Instructions for the task -> With the pictures left out, write out exactly the lines of the listing below that run from the line with "집업 상세 이미지 24" through the line with "Jouet anti-stress en".

Input ->
────────────────

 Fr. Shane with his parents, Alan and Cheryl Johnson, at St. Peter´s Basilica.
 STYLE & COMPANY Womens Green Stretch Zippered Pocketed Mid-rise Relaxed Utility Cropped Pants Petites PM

────────────────

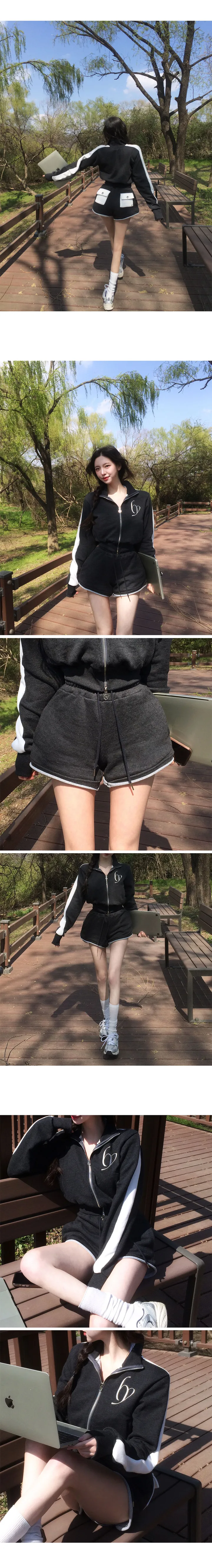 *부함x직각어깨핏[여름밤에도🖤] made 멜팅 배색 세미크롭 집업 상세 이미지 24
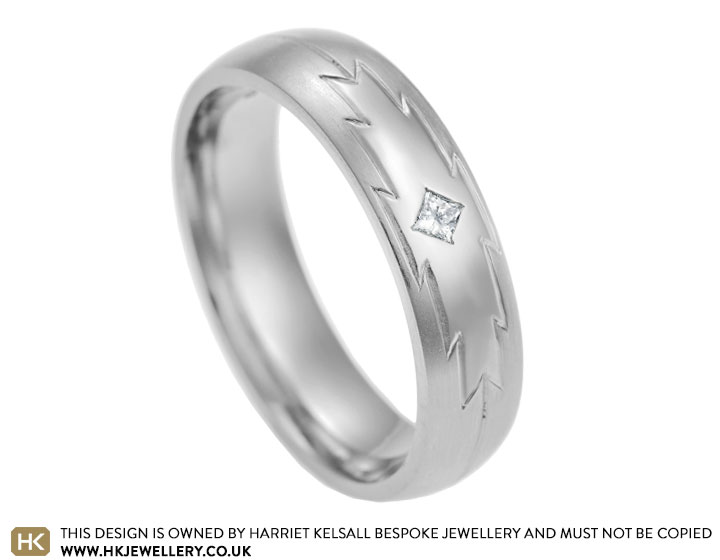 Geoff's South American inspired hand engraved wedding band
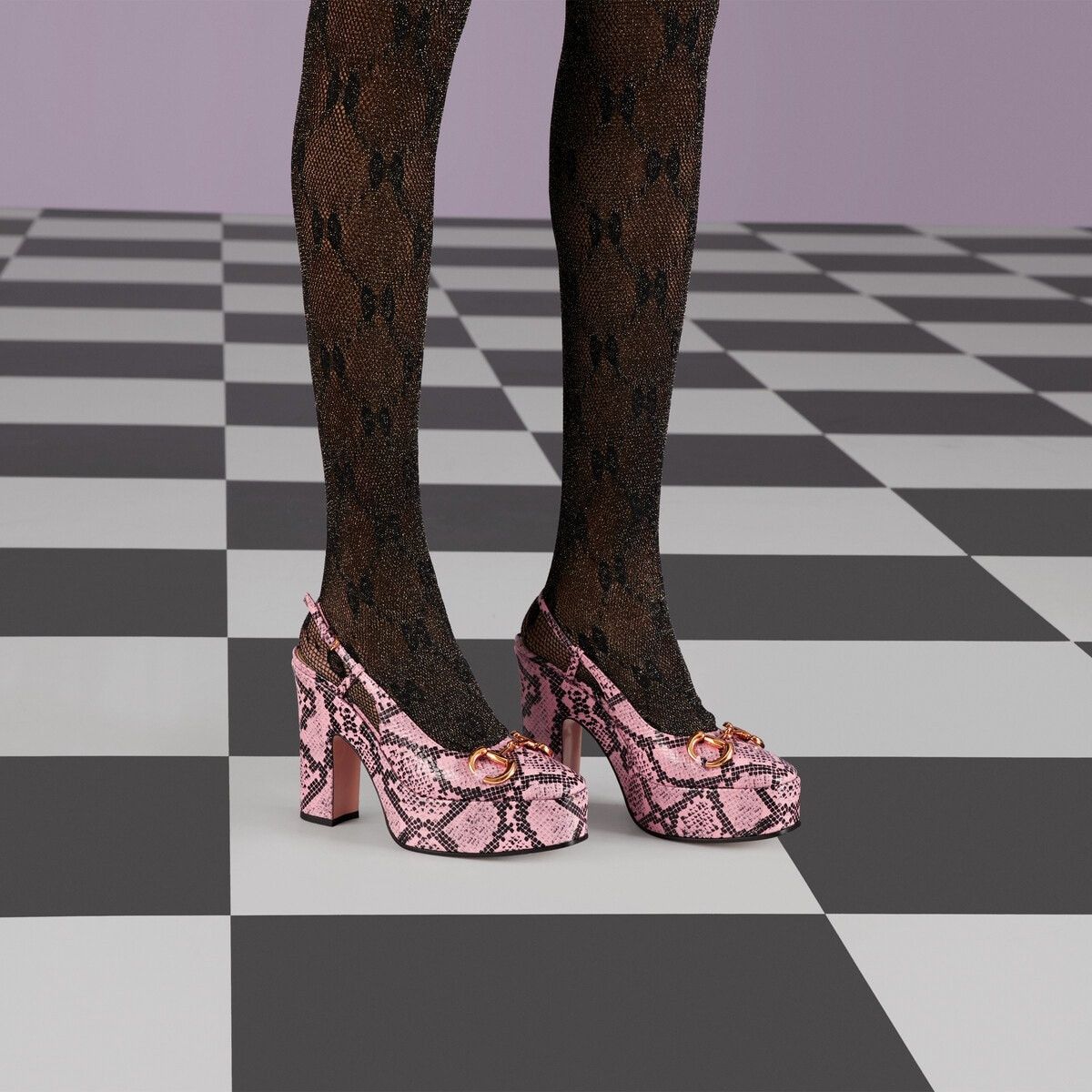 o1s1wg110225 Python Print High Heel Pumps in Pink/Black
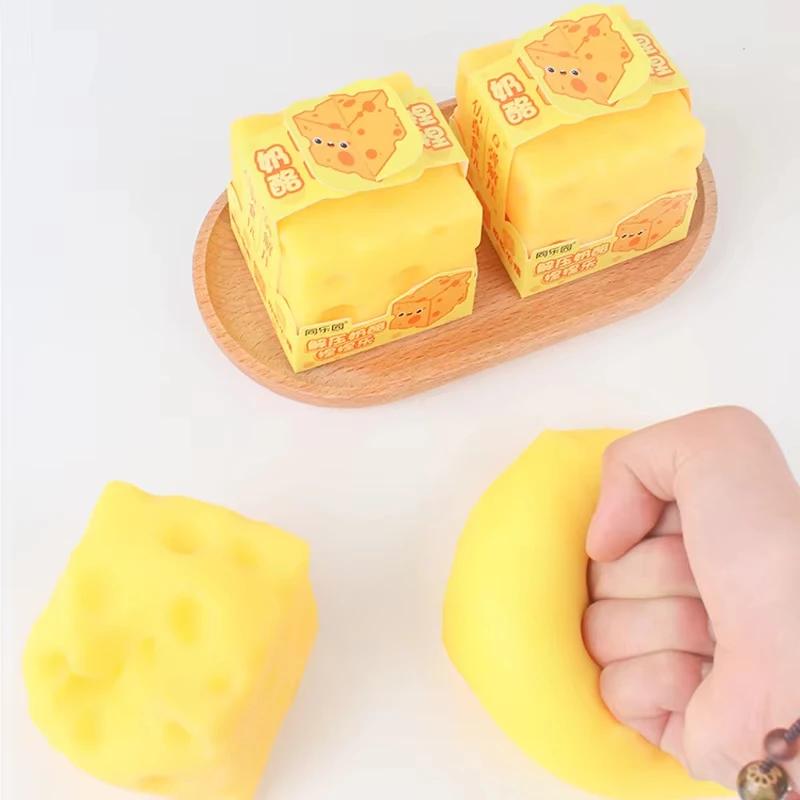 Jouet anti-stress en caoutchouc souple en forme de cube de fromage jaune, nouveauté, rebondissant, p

────────────────

Output of the task ->
 *부함x직각어깨핏[여름밤에도🖤] made 멜팅 배색 세미크롭 집업 상세 이미지 24
 Geoff's South American inspired hand engraved wedding band
 o1s1wg110225 Python Print High Heel Pumps in Pink/Black
 Jouet anti-stress en caoutchouc souple en forme de cube de fromage jaune, nouveauté, rebondissant, p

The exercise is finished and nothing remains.